HEDEP leaders felt that forcing their acronym to change to DEM would confuse voters even more than the rather tormented history of their party already had, so the Supreme Court was maliciously attempting to put a “new judicial obstacle” in their path.
In all of its permutations, DEM has been friendly to the Assyrian Christians of southeastern Turkey, who are allies of the Kurds. Some Assyrians who fled after getting caught in skirmishes between the Turkish military and the PKK have been returning to Turkey, increasing their number and political clout. In October, the Assyrians opened a new house of worship in Istanbul – the first new church in Turkey since the founding of the modern Turkish republic in 1923.
The new church was named the Syriac Orthodox Church of St. Ephrem. Syriac is the Aramaic dialect spoken by most Assyrians, so that was the language Aslan chose when he offered them a Christmas greeting on Monday.
“Starting with our Greek, Armenian and Assyrian citizens living in Turkey, I congratulate all Christians on Christmas. I hope the new year brings love and peace to our country and the whole world,” Aslan said in Turkish before repeating the message in Syriac.
Aslan’s brief remarks in Syriac did not sit well with lawmakers from the nationalist “Good Party,” or IYI, which insisted that only Turkish should be spoken in parliamentary addresses.
The IYI Party was supposed to be part of Kilicdaroglu’s presidential run, but its leader Meral Aksener decided he was not electable enough to support. Kilicdaroglu forced President Recep Tayyip Erdogan into a runoff in May but lost with 48 percent to Erdogan’s 52 percent of the vote.
“Are we watching a theater? He should speak this at home. This is the Grand National Assembly of Turkey, not a personal estate,” objected IYI deputy Lutfu Turkkan.
“We did not come from another planet,” Aslan responded. “We are the autochthonous people of this land. This language did not come from another planet.”
He might count himself lucky that IYI did not object to his using a Greek term like “autochthonous.”
“You will accept this language. This is a richness for Turkey,” Aslan said. Another IYI member, Yasin Ozturk, decided not to accept the richness of Syriac and stormed out of the chamber.
Aslan was supported by Deputy Speaker Sirri Sureyya Onder, a fellow member of the DEM party, who noted there were no objections when he offered a prayer in Arabic for MP Hasan Bitmez, who died of a heart attack he suffered last week while railing against Israel at the podium.
“You did not object when I read a verse in Arabic, I ask why you object to this one, you say it is not a verse.
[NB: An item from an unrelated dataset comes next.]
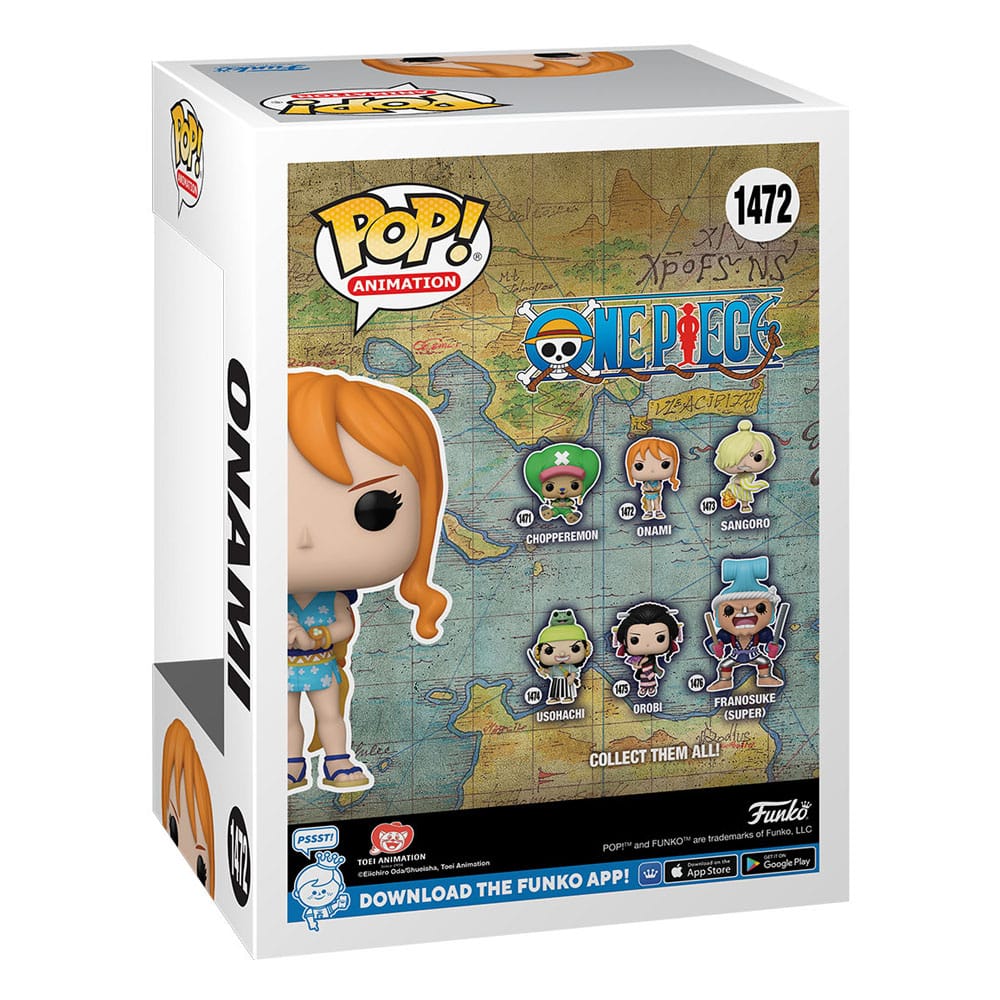 One Piece Funko POP! Animation Vinyl Figure Onami (Wano) 9 cm - Image 3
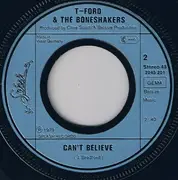 7'' - T-Ford And The Boneshakers - Twilight Time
Let me tell you another verse; your languages are also verses of Allah,” Onder said.
Aslan told Voice of America News (VOA) on Friday that he was surprised by the vehemence of IYI’s objections. He and other DEM legislators acknowledged that the national constitution makes Turkish the official language of Turkey, but argued that it does not expressly forbid using other languages in Parliament.
VOA noted that transcriptions of Turkish parliamentary sessions routinely omit anything said in a language other than Turkish, replacing them with an ellipsis and footnotes such as, “Non-Turkish words were used by the speaker in these sections.”